Hatch Twelve: Hannah Torrance

Text: Wayne Burrows
Photography: Julian Hughes

Hannah Torrance: A Cinderella Story

A young woman sits at a sewing machine, busily cutting and pinning differently patterned fabrics, happy to chat to passers by about her motives, but also in her own world, detached from her immediate surroundings by headphones that make it seem she might be engaged in a kind of secret performance – after all, ABC’s Twelve requires its participants to wear headphones, from which we receive instructions, so it seems reasonable to wonder what Hannah Torrance might be listening to as she works on what seems an ordinary task, hardly a performance at all, building an elaborate patchwork dress around a mannequin in the windows of a cafe-bar.

The clue is in the title, of course. It might seem an everyday action straightforwardly performed, but Torrance’s experiment for today is to test the limits of performance: is the making of a costume a performance in itself? When I ask what she’s making, Torrance takes off her headset and replies: “Cinderella’s ballgown”. There is no ball, either, or at least, if there is, Torrance doesn’t know where it is.
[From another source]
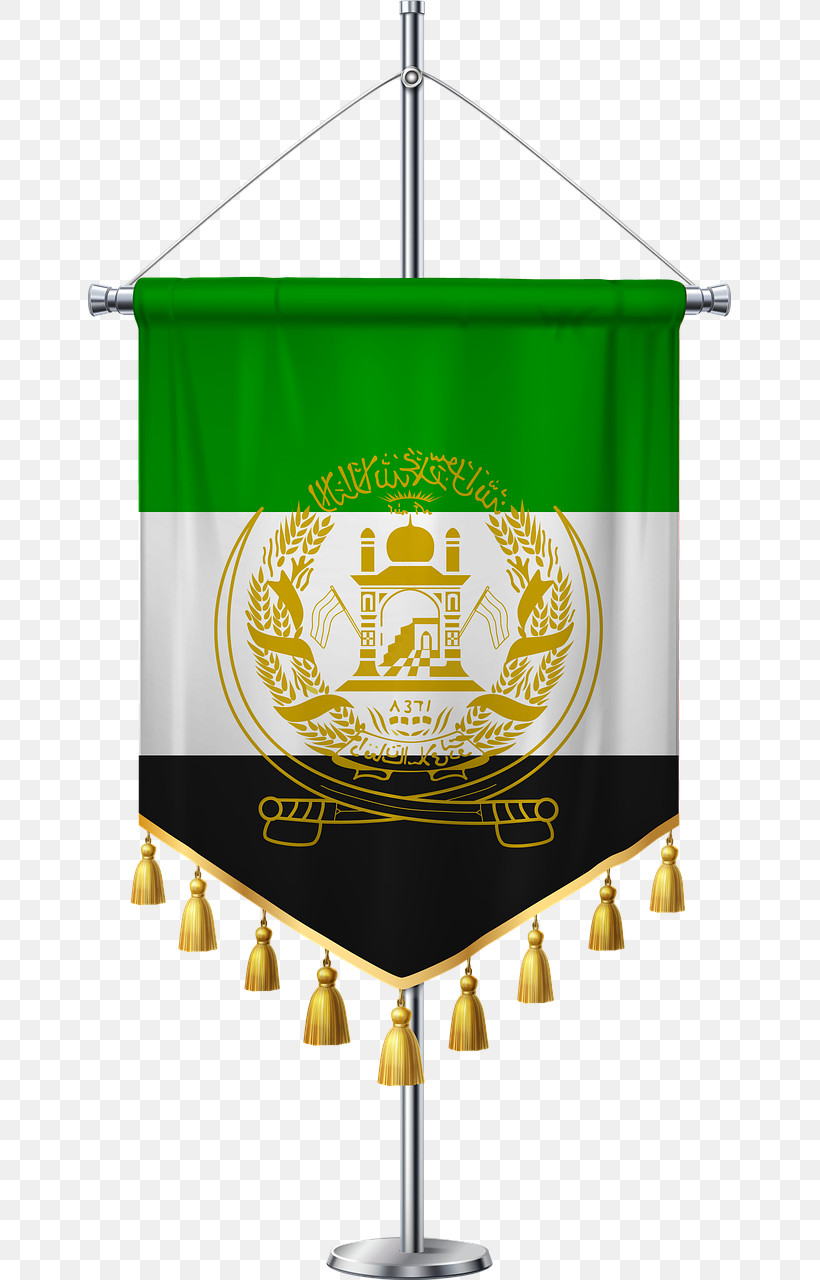 Iran Flag Banner Pennant, PNG, 643x1280px, Iran, Banner, Flag, Flag Of Iran, Pennant Download Free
She works against the clock – not quite striving to complete the dress before the stroke of midnight (we end at 11pm, rather than midnight, after all) – and she’s not sure whether she’ll wear it, except to check that it fits.
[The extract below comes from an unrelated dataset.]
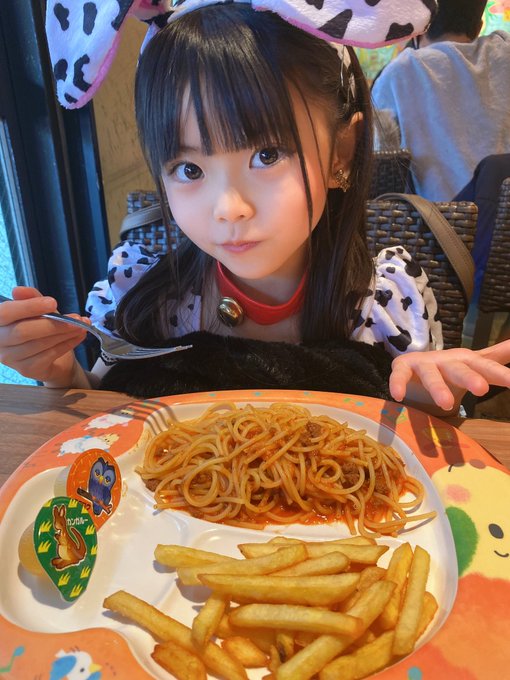 Twitterのコスプレ画像21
But there’s clearly some symbolism in the construction of this garment – she tells me it’s being colour-coded so that the Chinese and Indian colours of wealth make up the front panels, and blues and greys the reverse, to reflect Cinderella’s leaving behind of her cold fireplaces. There might have been wings, too, made of willow, had the season been different. When I leave Torrance to her work, another woman sits in the seat I’ve vacated and happily watches for a very long time. If this is a performance, it ends just where the pantomime would usually begin, with Cinderella putting on the dress.